-- Input follows --

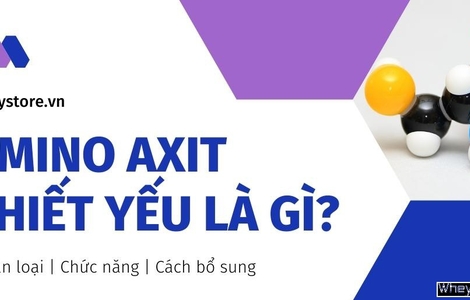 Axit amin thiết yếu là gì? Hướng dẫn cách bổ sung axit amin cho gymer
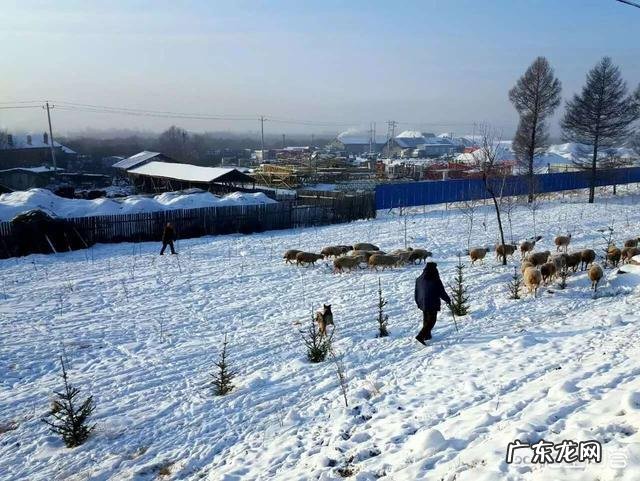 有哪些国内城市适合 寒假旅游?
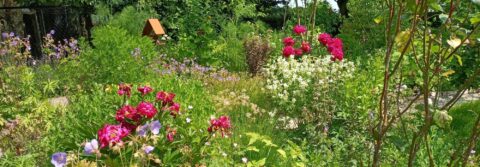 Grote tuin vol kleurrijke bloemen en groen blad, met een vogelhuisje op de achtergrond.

-- Input concluded --
-- Input follows --

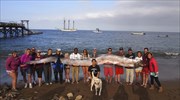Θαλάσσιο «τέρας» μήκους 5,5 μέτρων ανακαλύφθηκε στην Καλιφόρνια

-- Input concluded --

◆ **Work instruction**
Please transcribe exactly the part of the records that opens with the line containing "Axit amin thiết" and closes with the line containing "Grote tuin vol", both ends included, and leave out the pictures.

◆ **Finished task**
 Axit amin thiết yếu là gì? Hướng dẫn cách bổ sung axit amin cho gymer
 有哪些国内城市适合 寒假旅游?
 Grote tuin vol kleurrijke bloemen en groen blad, met een vogelhuisje op de achtergrond.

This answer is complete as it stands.